Perché proprio Shelley Duvall?

Fu la sua capacità di piangere a convincere Kubrick a scritturarla per il ruolo di Wendy. L’aveva vista in 3 donne di Robert Altman e si era convinto a partire dalle sue lacrime che sarebbe stata perfetta per incarnare la sua visione del personaggio. Jack Nicholson inizialmente era contrario. Aveva letto il romanzo e spingeva per avere Jessica Lange, con una presenza scenica più simile a quanto scritto da Stephen King. Il regista voleva ottenere l’opposto di quanto immaginato dallo scrittore, così cercò di puntare sulla fragilità emotiva della donna. Era diposto a tutto pur di raggiungerla.

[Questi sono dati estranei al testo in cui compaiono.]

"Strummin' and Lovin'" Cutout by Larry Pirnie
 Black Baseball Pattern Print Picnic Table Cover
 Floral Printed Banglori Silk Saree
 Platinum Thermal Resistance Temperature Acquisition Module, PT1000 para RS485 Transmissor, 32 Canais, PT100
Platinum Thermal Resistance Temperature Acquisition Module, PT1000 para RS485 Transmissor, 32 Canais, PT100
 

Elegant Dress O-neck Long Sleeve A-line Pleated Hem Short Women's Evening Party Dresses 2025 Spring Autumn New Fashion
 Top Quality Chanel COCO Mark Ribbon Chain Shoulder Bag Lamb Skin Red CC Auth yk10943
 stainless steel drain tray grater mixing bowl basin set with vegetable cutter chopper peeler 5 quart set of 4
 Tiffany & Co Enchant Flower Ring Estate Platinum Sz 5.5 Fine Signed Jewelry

Nel dietro le quinte contenuto nel documentario Making 'The Shining’, diretto da Vivian Kubrick, si può vedere l’attrice sdraiata sul pavimento come conseguenza di un attacco di panico avuto sul set. Prova di una lavorazione durissima, che ha portato allo stremo tutti, in particolare Duvall, su cui il metodo di produzione colpì più forte.

Le riprese estenuanti di Shining in numeri

Le riprese del film, svolte in ordine cronologico, sono durate 56 settimane, più del doppio di quanto preventivato. Un’eternità. Soprattutto se significa passare un anno nei panni di un personaggio tormentato non solo dentro la storia, ma anche sul set. Il metodo di Kubrick ha portato più attori alle lacrime per la frustrazione. La scena in cui Wendy sale le scale difendendosi con la mazza da Jack è stata rifatta 127 volte. Mentre la scena “sono il lupo cattivo” ha visto 60 porte sfondate e 3 giorni di riprese.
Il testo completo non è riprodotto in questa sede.